You always hear it said that people come to India to find
themselves. I wasn’t lost when we left the United States for Chennai, but like
Paul said- visions of “the shooter” stuck with him, fading into the distance,
being trampled by careless travelers on the jet way - I can’t imagine that the shooter
didn’t represent just a little bit more than the power of the Lego Chima that
day.
Every time I look to be found, I head straight for the ocean
for a quiet open space and for the rhythm of the sea. I certainly, in search of
answers, would have never headed directly into the heat of the action.
Nothing is
particularly easy to find here, but with eight million people - a thousand
villages spread end to end - nothing is impossible. Least of all something you
didn't even know you were looking for.
I don’t really recall feeling lost since: I began art
school, met Paul, first picked up a camera and stopped time, since I became a
mom and again when I rediscovered film. I’ve been found a few times in between
and don’t doubt that I will be found again. I am certainly not the lost soul I
was for so long before these grand events, though; trying on lifestyles, like a
teenage girl trying on clothes for school. Seattle, Palm Beach, Small town USA.

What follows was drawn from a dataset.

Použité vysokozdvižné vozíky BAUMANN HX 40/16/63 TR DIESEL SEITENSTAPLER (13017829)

I spent my early years trying to be the round peg when I was
really always the square one, but I’ve learned to be me and in that I’ve found
comfort in my own skin and confidence in my own path. I’ve traded youth for
wisdom again and again. I’ve chosen the path less traveled, a jet-way to a long
flight to a place somewhere most people only dream of.
I don’t believe that it is possible to get on that plane
from your home, leaving everyone and everything you find familiar and comfortable behind and
not lose at least a little bit of yourself in the jet-streams.

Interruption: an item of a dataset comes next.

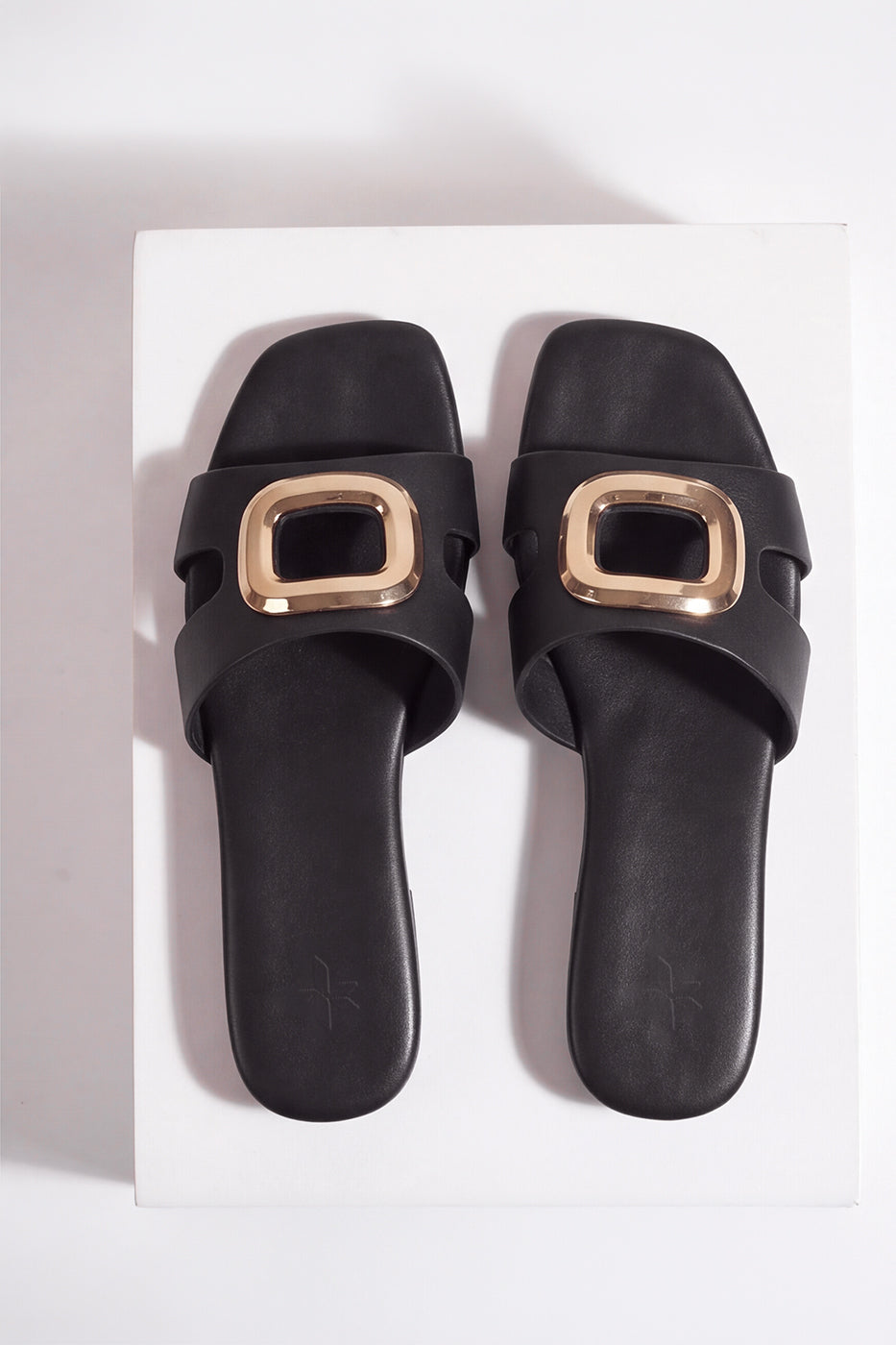SQUARE BUCKLE SLIDES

Stripped of familiarity immediately upon landing and
ultimately the comfort of anonymity afforded by melting into the pot that is
the United States, I have not only become lost in a neighborhood of this city
and in a country of millions, I have also been found in the very same insanity.
I may as well be naked standing on the sidewalk at times, even with all my forbidden
bits covered from shoulder to knee-cap. I can strip myself of everything I feel
is quintessentially American about me and I still can’t seem
to regain that comfortable anonymity that America afforded me. I don’t always
want to, I never wanted it when I had it, but being naked in a city of eight million isn’t an easy feeling to
process. Instead of feeling vulnerable, though I feel very welcome. I am
invited to tea in people’s homes and I am greeted warmly from all directions
and people are eager to share their homes, their tea and their history.
I jumped right in like I promised I would. It has made the
incredible differences between life at home and life in Chennai dissolve into
something my brain has begun to read as normal. I’m grasping to the initial shocking
differences that my senses registered in those first weeks and am holding on to
them by fraying strings. I continue to document the differences that I want so
desperately to share, but cows in the streets have begun to feel commonplace, the
smells of local foods, smell almost familiar like home and the colors of the
seas of saris have begun to fade together like a melted box of crayons.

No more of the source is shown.